O Museu Nacional é um museu de história natural e antropologia; o Louvre é um museu de arte. Quem tem interesse em ver a Monalisa não necessariamente se interessa por fosseis ou coleções zoológicas. De fato, ambos os museus possuem em seus acervos múmias, cerâmicas e outros artefatos, mas a principal diferença é que cada museu usa desses objetos para propósitos distintos. Um museu de arte tem interesse pela expressão artística daquele objeto, enquanto o de história natural o vê como um registro da civilização que o produziu. Portanto, a missão dos museus é distinta, muda-se os visitantes, os tipos de pesquisa e quem se interessa em investir em cada instituição.
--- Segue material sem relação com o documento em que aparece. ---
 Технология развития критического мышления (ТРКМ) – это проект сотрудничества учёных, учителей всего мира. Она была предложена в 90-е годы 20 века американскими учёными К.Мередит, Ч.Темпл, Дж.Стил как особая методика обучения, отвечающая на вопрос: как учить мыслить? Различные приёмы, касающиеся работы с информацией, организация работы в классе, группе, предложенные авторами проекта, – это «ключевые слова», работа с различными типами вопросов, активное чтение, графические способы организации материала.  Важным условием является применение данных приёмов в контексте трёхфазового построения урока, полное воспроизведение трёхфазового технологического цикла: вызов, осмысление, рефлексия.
Segundo, atribuir a tragédia à administração da UFRJ e propor como solução a gestão privada baseada nos modelos americanos é um caminho fácil, mas equivocado e perigoso. Será que o modelo de gestão privada americano funcionaria no Brasil?  Para ser justo, vamos usar como exemplo o Museu Americano de História Natural (AMNH) em Nova York e compará-lo ao Museu Nacional (MN) do Rio de Janeiro. Os dois museus possuem missões parecidas e o mesmo tipo de acervo.

American Museum of Natural History

O Museu Americano de História Natural foi fundado em 1869 e tem como missão descobrir, interpretar e disseminar informação sobre as culturas humanas, o mundo natural e o universo através de um abrangente programa de pesquisa cientifica, educação e exposição. A coleção do museu abriga mais de 34 milhões de espécies e artefatos. Além de museu, o AMNH é uma instituição de pesquisa e conta com uma equipe de 225 pesquisadores científicos que trabalha em tempo integral. O AMNH possui 28 prédios interconectados, que já foram renovados ou restaurados, além de 45 salas de exposição permanente, que foram sendo construídas ao longo do século XX, fruto de expedições e doações. O museu possui também um planetário e uma biblioteca.  Quatro novas exposições temporárias são abertas por ano.  Somente 10% da coleção está exposta, o resto fica preservado em uma moderna instalação. A salvaguarda desse acervo conta com o suporte do National Endowment for the Humanities (NEH), uma agência federal do governo americano cuja função é apoiar a pesquisa, educação, preservação e programas públicos na área de humanas.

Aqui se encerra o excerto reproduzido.